# [EXERCISE PROMPT]
Only the lines of the data holding the string "really" need to be returned.

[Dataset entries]
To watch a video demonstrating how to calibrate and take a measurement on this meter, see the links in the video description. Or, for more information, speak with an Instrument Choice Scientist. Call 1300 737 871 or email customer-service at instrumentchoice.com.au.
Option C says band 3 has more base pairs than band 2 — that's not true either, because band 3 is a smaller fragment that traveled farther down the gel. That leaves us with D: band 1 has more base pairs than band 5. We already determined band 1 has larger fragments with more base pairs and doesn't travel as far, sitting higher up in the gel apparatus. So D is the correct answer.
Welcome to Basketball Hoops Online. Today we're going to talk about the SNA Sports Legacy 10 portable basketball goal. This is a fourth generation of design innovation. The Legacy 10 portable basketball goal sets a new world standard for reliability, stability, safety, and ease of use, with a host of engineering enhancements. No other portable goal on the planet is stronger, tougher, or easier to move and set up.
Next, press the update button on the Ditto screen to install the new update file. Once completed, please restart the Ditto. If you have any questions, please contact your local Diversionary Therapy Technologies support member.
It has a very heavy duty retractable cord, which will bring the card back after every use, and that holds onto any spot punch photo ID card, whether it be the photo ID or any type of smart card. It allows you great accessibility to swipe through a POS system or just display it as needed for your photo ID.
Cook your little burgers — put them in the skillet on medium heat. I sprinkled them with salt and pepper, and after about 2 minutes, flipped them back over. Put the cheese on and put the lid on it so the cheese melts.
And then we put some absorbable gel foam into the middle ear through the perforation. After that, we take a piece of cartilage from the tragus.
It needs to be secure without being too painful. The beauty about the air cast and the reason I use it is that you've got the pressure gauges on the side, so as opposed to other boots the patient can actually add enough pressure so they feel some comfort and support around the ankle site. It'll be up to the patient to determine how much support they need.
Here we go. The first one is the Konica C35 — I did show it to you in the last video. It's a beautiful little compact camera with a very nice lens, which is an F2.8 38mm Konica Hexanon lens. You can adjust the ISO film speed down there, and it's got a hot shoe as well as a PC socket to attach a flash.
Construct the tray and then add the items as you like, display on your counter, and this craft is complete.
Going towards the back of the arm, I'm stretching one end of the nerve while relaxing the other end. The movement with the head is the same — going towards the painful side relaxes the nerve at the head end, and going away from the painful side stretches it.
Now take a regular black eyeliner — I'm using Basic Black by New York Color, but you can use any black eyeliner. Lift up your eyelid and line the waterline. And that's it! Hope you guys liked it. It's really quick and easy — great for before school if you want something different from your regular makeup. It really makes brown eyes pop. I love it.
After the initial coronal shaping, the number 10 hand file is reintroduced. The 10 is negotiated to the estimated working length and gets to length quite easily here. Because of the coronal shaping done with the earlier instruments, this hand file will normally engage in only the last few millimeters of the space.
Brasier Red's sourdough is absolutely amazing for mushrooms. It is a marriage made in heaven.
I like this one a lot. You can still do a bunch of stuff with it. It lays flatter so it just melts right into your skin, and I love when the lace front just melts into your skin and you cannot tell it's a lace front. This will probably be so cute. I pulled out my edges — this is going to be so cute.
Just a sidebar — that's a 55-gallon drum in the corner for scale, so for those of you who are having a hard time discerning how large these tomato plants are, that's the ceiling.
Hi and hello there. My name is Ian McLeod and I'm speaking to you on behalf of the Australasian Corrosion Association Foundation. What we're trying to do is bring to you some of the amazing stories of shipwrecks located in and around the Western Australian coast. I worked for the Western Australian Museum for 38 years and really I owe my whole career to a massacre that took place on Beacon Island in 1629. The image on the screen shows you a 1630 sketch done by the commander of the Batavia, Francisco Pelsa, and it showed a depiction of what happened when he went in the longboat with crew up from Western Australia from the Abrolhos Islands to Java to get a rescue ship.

# [ANSWER TO THE PROBLEM]
Now take a regular black eyeliner — I'm using Basic Black by New York Color, but you can use any black eyeliner. Lift up your eyelid and line the waterline. And that's it! Hope you guys liked it. It's really quick and easy — great for before school if you want something different from your regular makeup. It really makes brown eyes pop. I love it.
Hi and hello there. My name is Ian McLeod and I'm speaking to you on behalf of the Australasian Corrosion Association Foundation. What we're trying to do is bring to you some of the amazing stories of shipwrecks located in and around the Western Australian coast. I worked for the Western Australian Museum for 38 years and really I owe my whole career to a massacre that took place on Beacon Island in 1629. The image on the screen shows you a 1630 sketch done by the commander of the Batavia, Francisco Pelsa, and it showed a depiction of what happened when he went in the longboat with crew up from Western Australia from the Abrolhos Islands to Java to get a rescue ship.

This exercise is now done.